» DIRECTIONS
Output the whole listing exactly, except for the pictures in it.

» PROVIDED DATA
════════

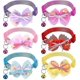 thumbnail image 1 of 6pcs Cat Collar With Bell And Bow Tie, 1 of 5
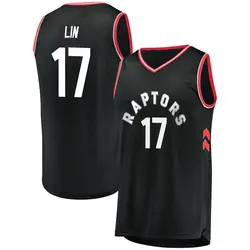 Jeremy Lin Toronto Raptors Youth Fast Break Jersey - Statement Edition - Black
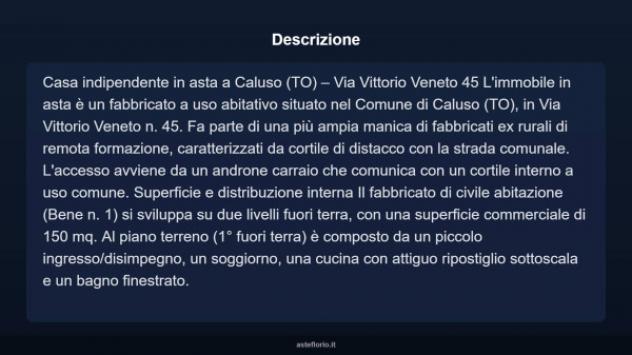 Immobile in asta di 150 m² in vendita a Caluso - Foto 4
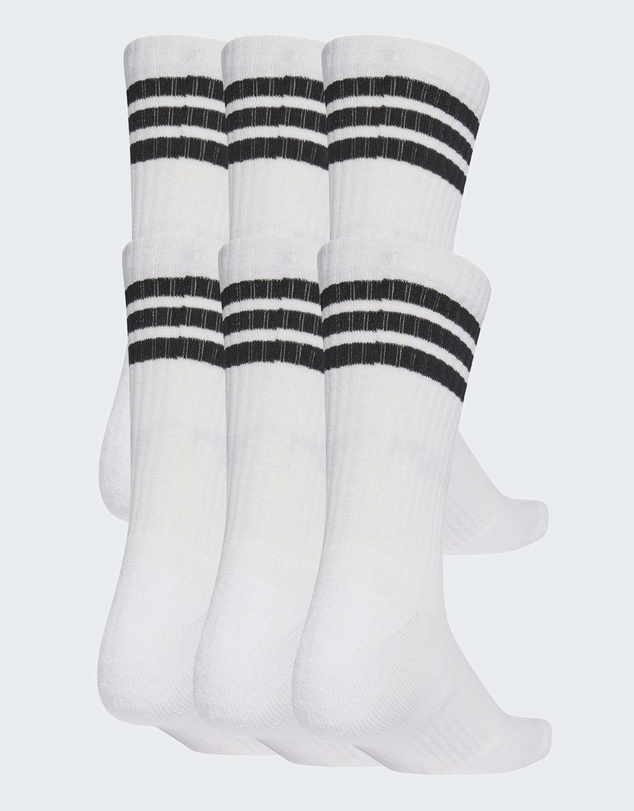 adidas Performance - 3-Stripes Essentials Cushioned Crew Socks 6 Pair Pack Unisex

════════

» EXERCISE OUTPUT
 thumbnail image 1 of 6pcs Cat Collar With Bell And Bow Tie, 1 of 5
 Jeremy Lin Toronto Raptors Youth Fast Break Jersey - Statement Edition - Black
 Immobile in asta di 150 m² in vendita a Caluso - Foto 4
 adidas Performance - 3-Stripes Essentials Cushioned Crew Socks 6 Pair Pack Unisex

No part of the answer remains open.